# A cute trace inequality

Theorem. If $A$ and $B$ are positive semi-definite matrices then $\mathrm{Tr} (AB)^2 \leq \mathrm{Tr} (A^2 B^2)$

Note that both sides contain the same matrices the same number of times, just in a different order ( $ABAB$ versus $AABB$). Here is a cute proof due to Bellman.

Proof. First, note that $(AB-BA)^2 = (AB)^2 + (BA)^2 - A B^2 A - B A^2 B.$

Next, note that the commutator $AB-BA$ is skew-Hermitian, that is, $(AB-BA)^\dagger = -(AB-BA)$. In other words, $AB-BA = iH$ for some Hermitian matrix $H$. This means that all eigenvalues of $AB-BA$ are purely imaginary. When we square the matrix, they become negative, i.e., $(AB-BA)^2$ is negative semi-definite. From this we get $0 \geq \mathrm{Tr} (AB-BA)^2 = \mathrm{Tr} \Bigl[ (AB)^2 + (BA)^2 - A B^2 A - B A^2 B \Bigr].$

Using the cyclic property of the trace, this simplifies to $0 \geq 2 \mathrm{Tr}(AB)^2 - 2 \mathrm{Tr} (A^2 B^2)$

and we are done.

Here is an interesting open question.

Christmas Conjecture. Let $A$ and $B$ be $n \times n$ density matrices with fixed spectrum: the eigenvalues of $A$ are $\alpha_1 \geq \alpha_2 \geq \dots \geq \alpha_n$ while the eigenvalues of $B$ are $\beta_1 \geq \beta_2 \geq \dots \geq \beta_n$. Then $\max_{A,B} \mathrm{Tr} \Bigl[ AB + A^2 B^2 - (AB)^2 \Bigr] = \sum_{i=1}^n \alpha_i \beta_i.$

where the maximum is over all $A,B$ with the given spectrum.

If the last two terms $A^2 B^2 - (AB)^2$ would not be there, then showing this would be quite straightforward. Indeed, the left-hand side becomes simply $\max_P \sum_{i,j=1}^n \alpha_i P_{ij} \beta_j$

where the maximum is over doubly-stochastic matrices $P$. By the Birkhoff–von Neumann theorem (see Theorem 13.1 in John Watrous’ lecture notes), the maximal value is achieved when $P$ is a permutation matrix. In fact, by the rearrangement theorem, $P$ must be the identity matrix, in which case the two lists of eigenvalues are sorted in the same order.

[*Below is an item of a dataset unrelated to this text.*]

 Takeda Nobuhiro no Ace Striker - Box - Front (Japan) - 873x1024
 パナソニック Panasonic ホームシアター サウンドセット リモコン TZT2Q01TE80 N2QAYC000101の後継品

However, we are dealing with a slightly more complicated expression in the conjecture. As we just saw above, $\mathrm{Tr} \bigl[ A^2 B^2 - (AB)^2 \bigr] \geq 0$, so the last two terms can only increase the left-hand side and thus make the inequality harder to prove. Nevertheless, I conjecture that this stronger inequality still holds, and I can prove it for $n = 2$.

Update: I recently received an e-mail from Jianxin Chen containing a proof of the Christmas Conjecture!